##### INPUT DATA
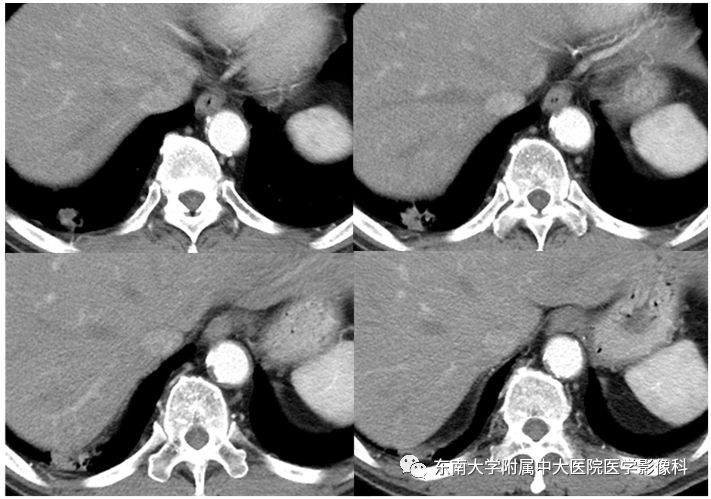 【PPT】局灶性机化性肺炎与周围型肺癌的鉴别-7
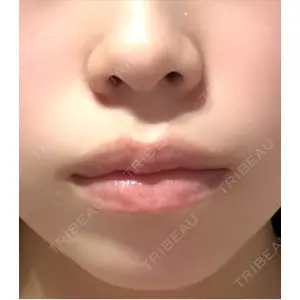 ルラ美容クリニック ルラ美容クリニック 宇都宮院口コミ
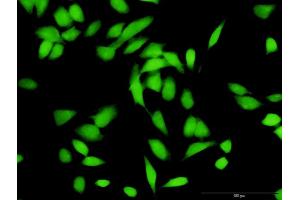 Immunofluorescence of purified MaxPab antibody to CUL1 on HeLa cell. (Cullin 1 antibody  (AA 1-776))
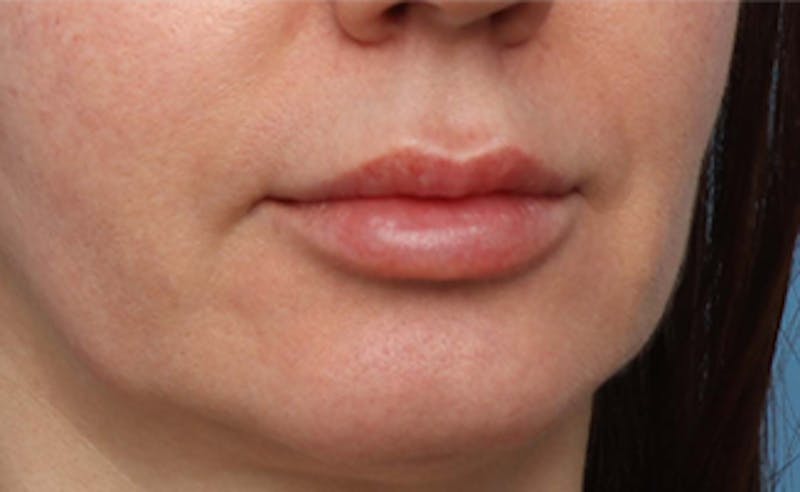 Lip Lift Before & After Gallery - Patient 200488 - Image 3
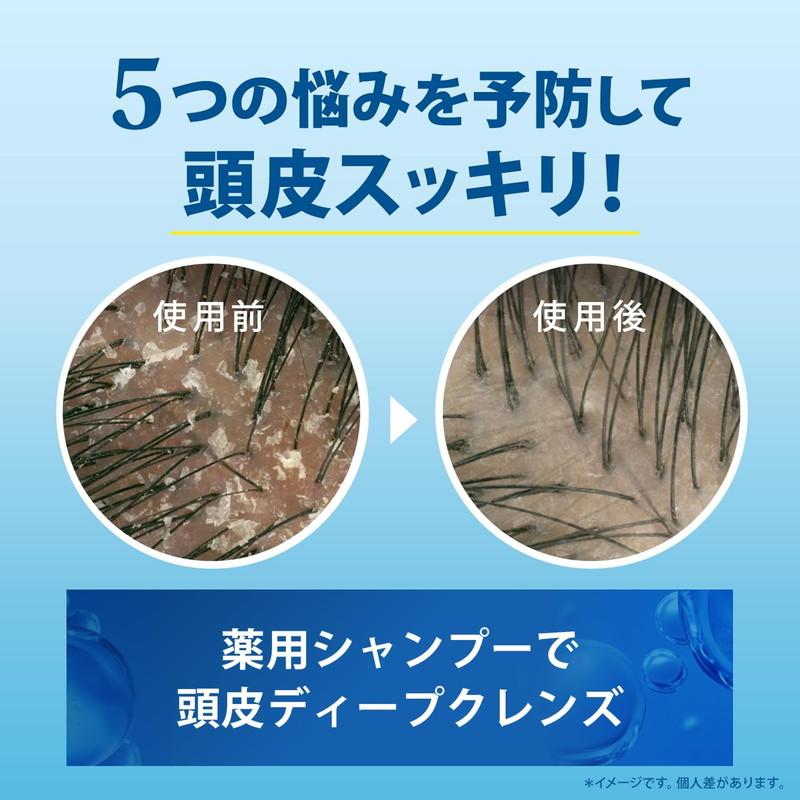 h&s P&G エイチアンドエス 5in1 クールクレンズ シャンプー 超特大詰替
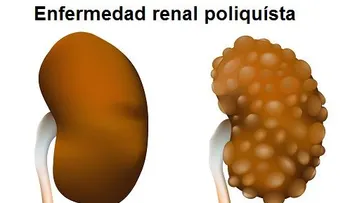 Causas de la insuficiencia renal y cómo tratarla naturalmente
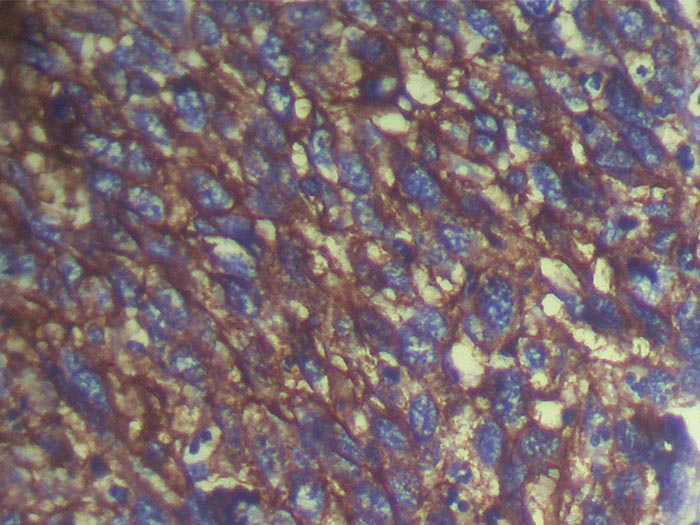 S100A14 Antibody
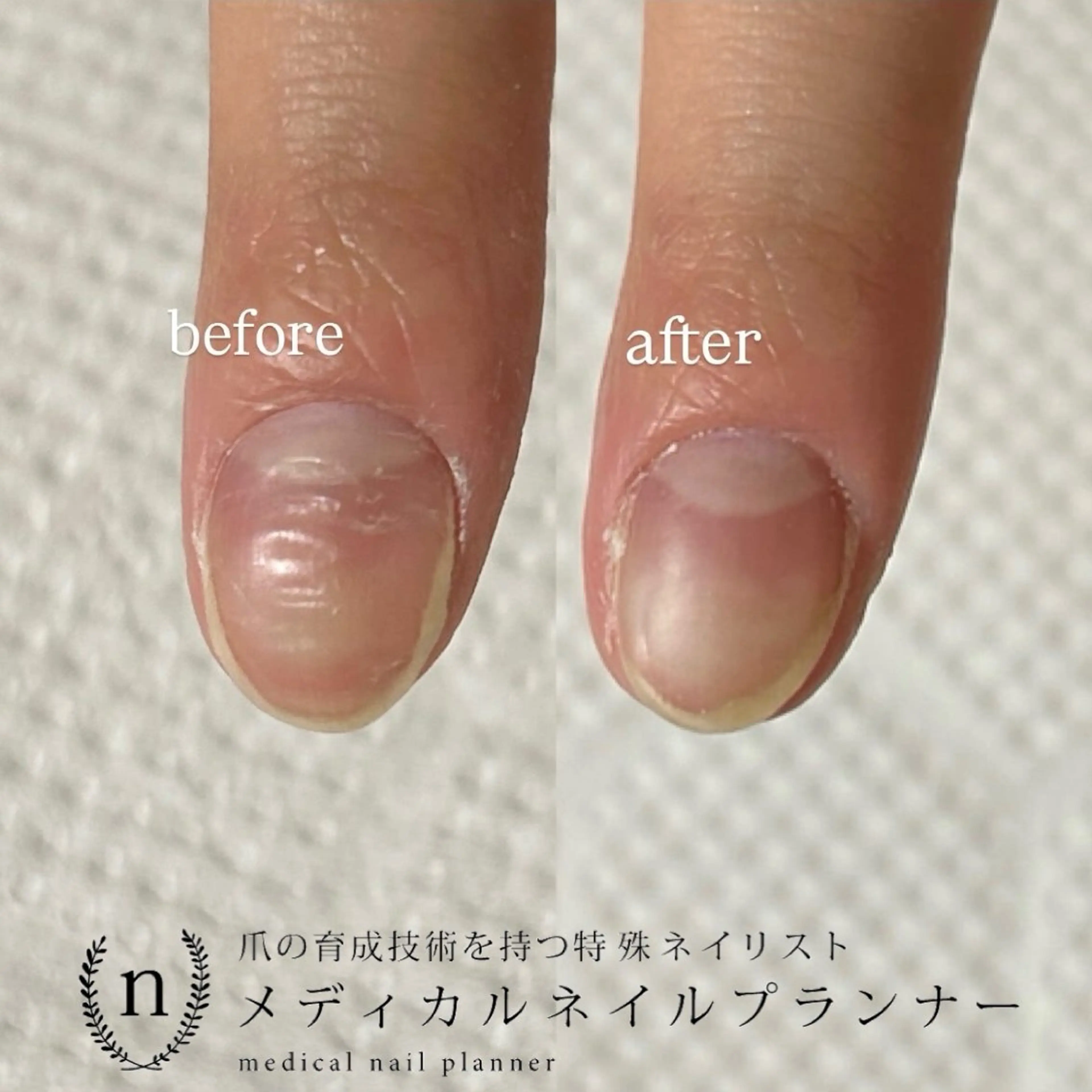 ネイル ハンドネイル Lofinails ちひろのネイルデザイン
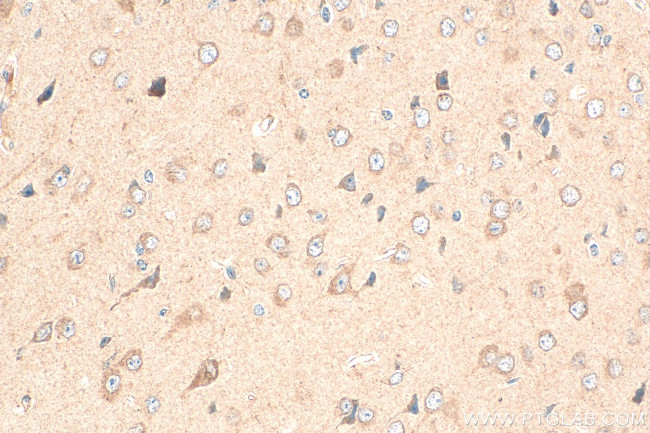 FPR2 Antibody in Immunohistochemistry (Paraffin) (IHC (P))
##########
TO DO
I need the lines from the line containing "h&s P&G エイチアンドエス 5in1 クールクレンズ シャンプー 超特大詰替" through the final line of the listing duplicated exactly, both ends included, with no pictures and nothing else.

OUTPUT
 h&s P&G エイチアンドエス 5in1 クールクレンズ シャンプー 超特大詰替
 Causas de la insuficiencia renal y cómo tratarla naturalmente
 S100A14 Antibody
 ネイル ハンドネイル Lofinails ちひろのネイルデザイン
 FPR2 Antibody in Immunohistochemistry (Paraffin) (IHC (P))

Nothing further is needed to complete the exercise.